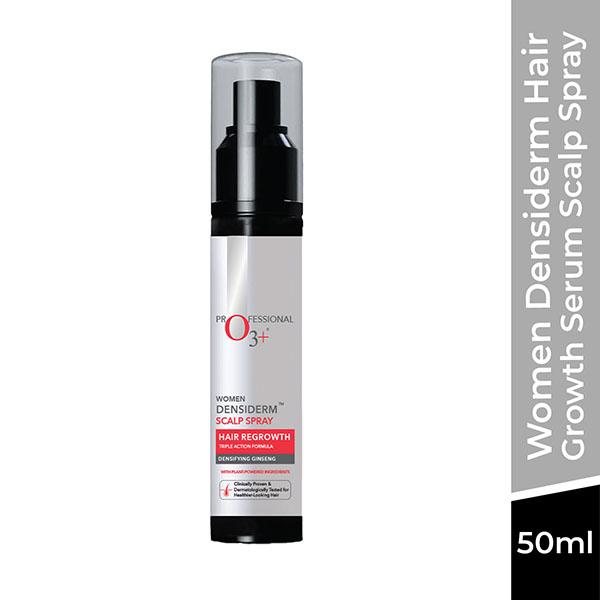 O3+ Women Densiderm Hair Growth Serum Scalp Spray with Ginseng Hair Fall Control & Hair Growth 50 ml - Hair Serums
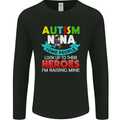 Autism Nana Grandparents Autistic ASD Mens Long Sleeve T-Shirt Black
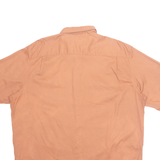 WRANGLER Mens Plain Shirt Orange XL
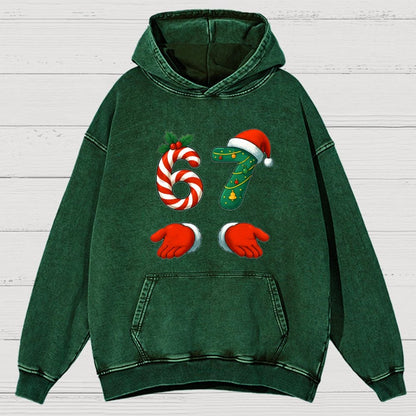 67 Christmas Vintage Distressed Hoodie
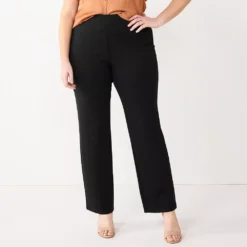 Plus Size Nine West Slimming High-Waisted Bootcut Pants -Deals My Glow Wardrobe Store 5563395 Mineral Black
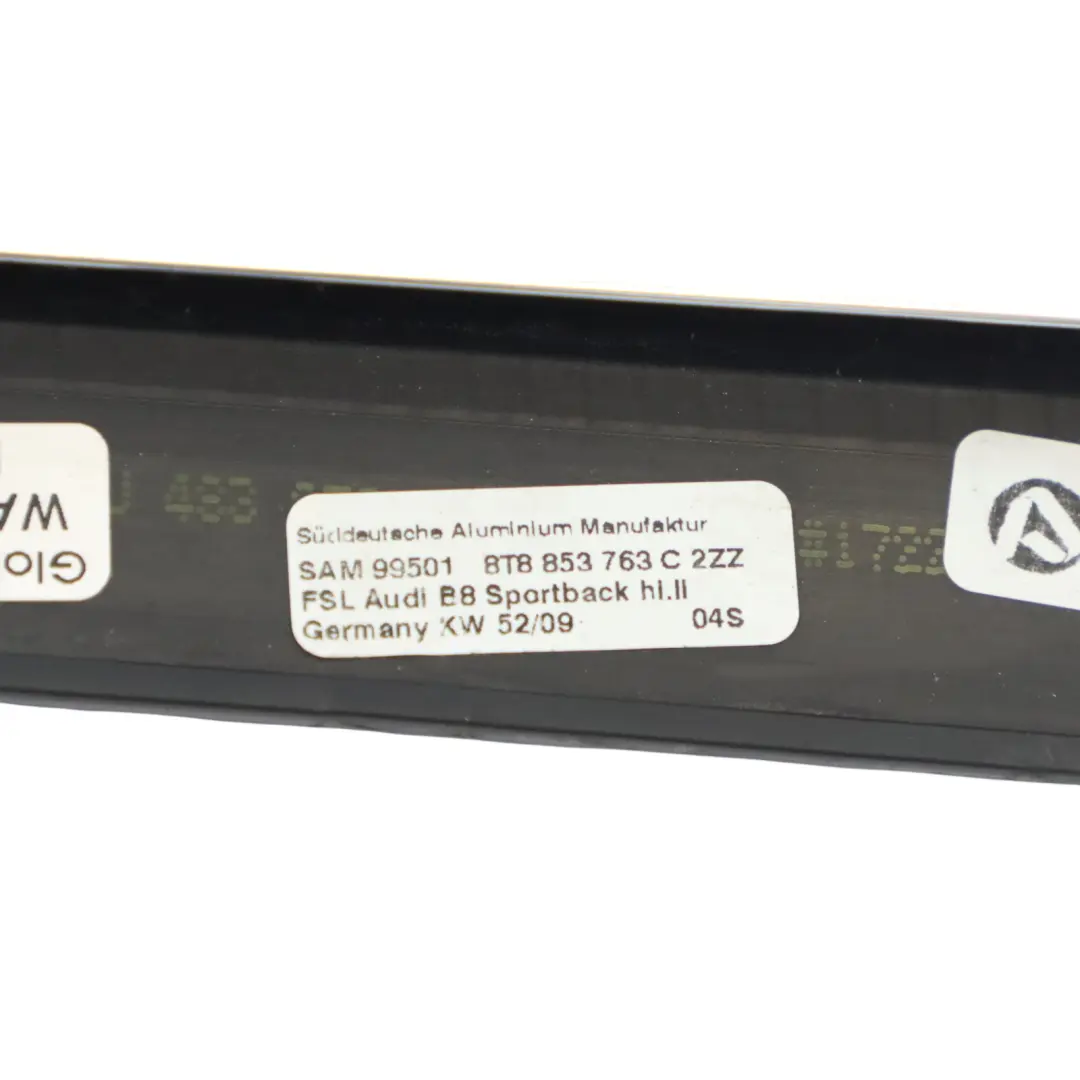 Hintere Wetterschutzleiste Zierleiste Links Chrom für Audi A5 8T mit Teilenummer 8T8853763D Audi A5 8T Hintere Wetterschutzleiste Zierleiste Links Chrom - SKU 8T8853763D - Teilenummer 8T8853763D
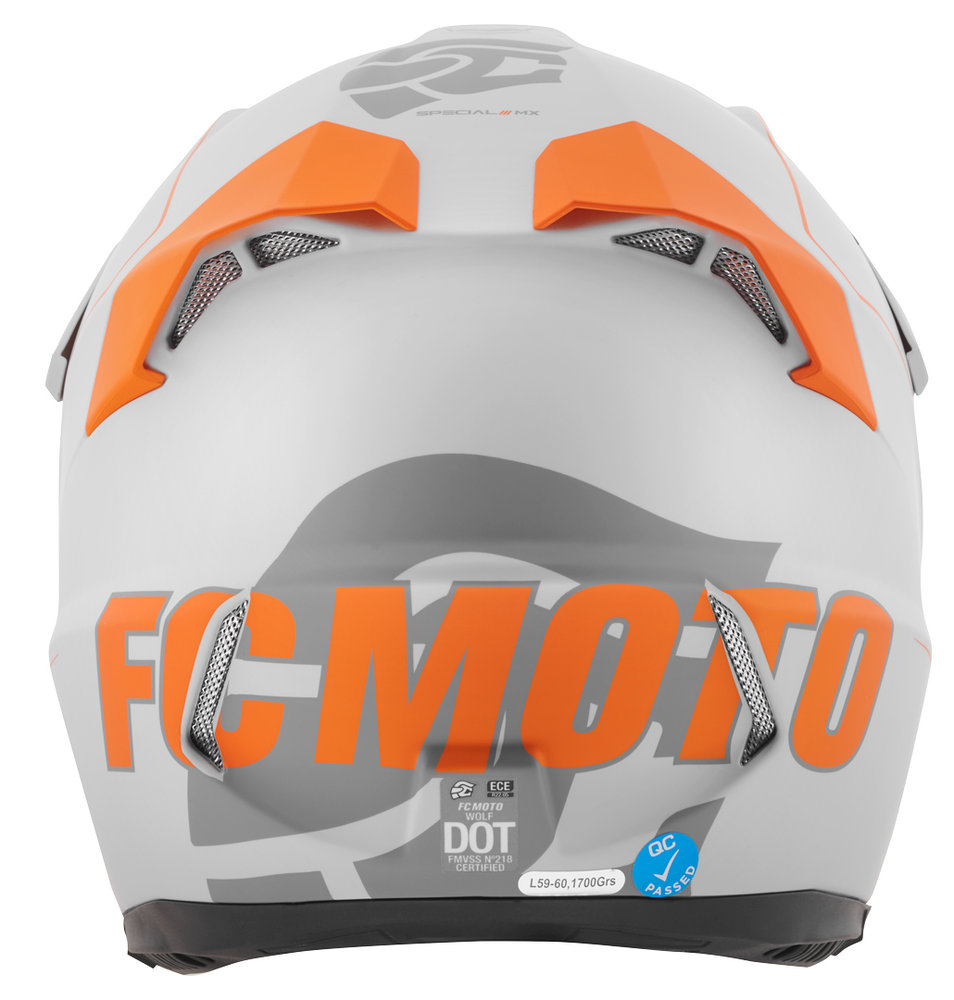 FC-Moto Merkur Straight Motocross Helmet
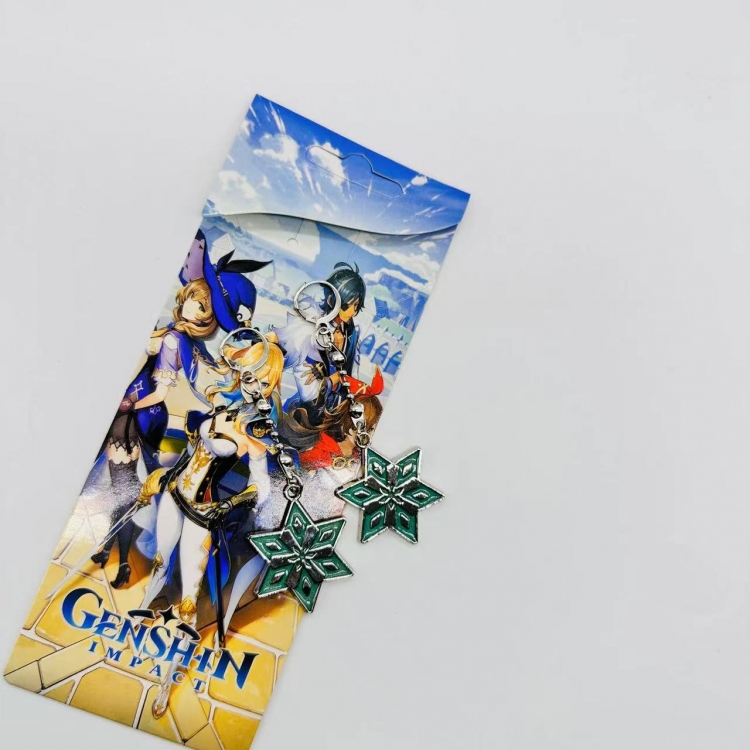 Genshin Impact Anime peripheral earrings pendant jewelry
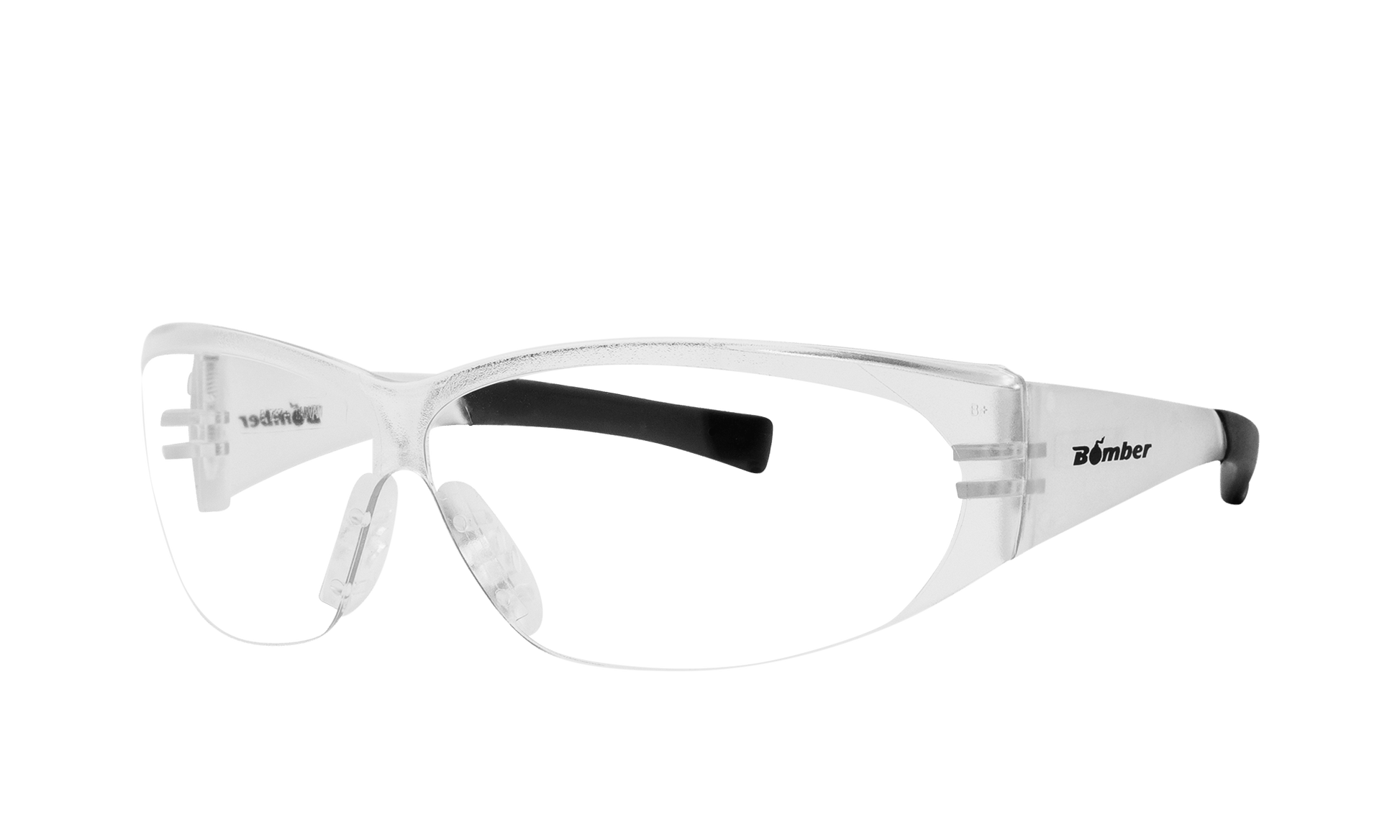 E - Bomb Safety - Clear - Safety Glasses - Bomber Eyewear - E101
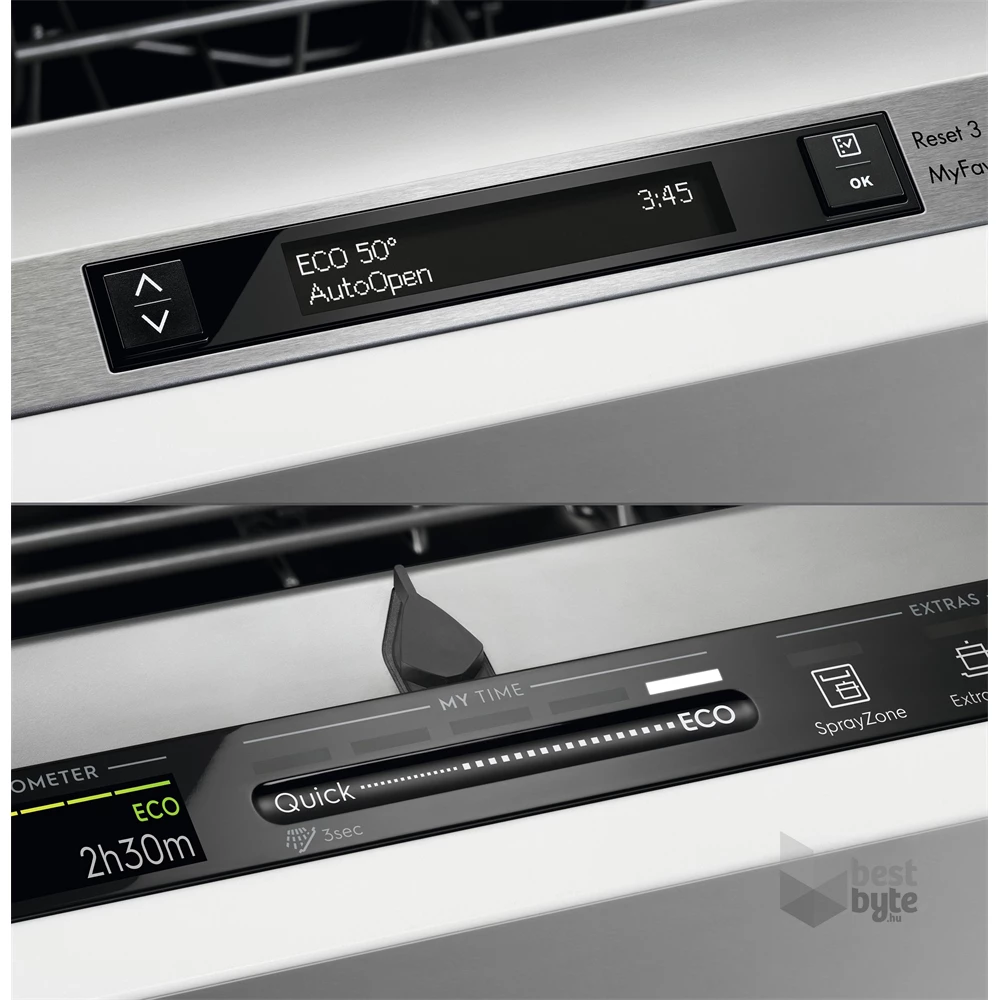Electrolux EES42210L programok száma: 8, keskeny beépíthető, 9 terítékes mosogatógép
★ ★ ★ ★
Work request
Pictures must be left out when the records are transcribed exactly.

Exercise answer
 O3+ Women Densiderm Hair Growth Serum Scalp Spray with Ginseng Hair Fall Control & Hair Growth 50 ml - Hair Serums
 Autism Nana Grandparents Autistic ASD Mens Long Sleeve T-Shirt Black
 WRANGLER Mens Plain Shirt Orange XL
 67 Christmas Vintage Distressed Hoodie
 Plus Size Nine West Slimming High-Waisted Bootcut Pants -Deals My Glow Wardrobe Store 5563395 Mineral Black
 Hintere Wetterschutzleiste Zierleiste Links Chrom für Audi A5 8T mit Teilenummer 8T8853763D Audi A5 8T Hintere Wetterschutzleiste Zierleiste Links Chrom - SKU 8T8853763D - Teilenummer 8T8853763D
 FC-Moto Merkur Straight Motocross Helmet
 Genshin Impact Anime peripheral earrings pendant jewelry
 E - Bomb Safety - Clear - Safety Glasses - Bomber Eyewear - E101
Electrolux EES42210L programok száma: 8, keskeny beépíthető, 9 terítékes mosogatógép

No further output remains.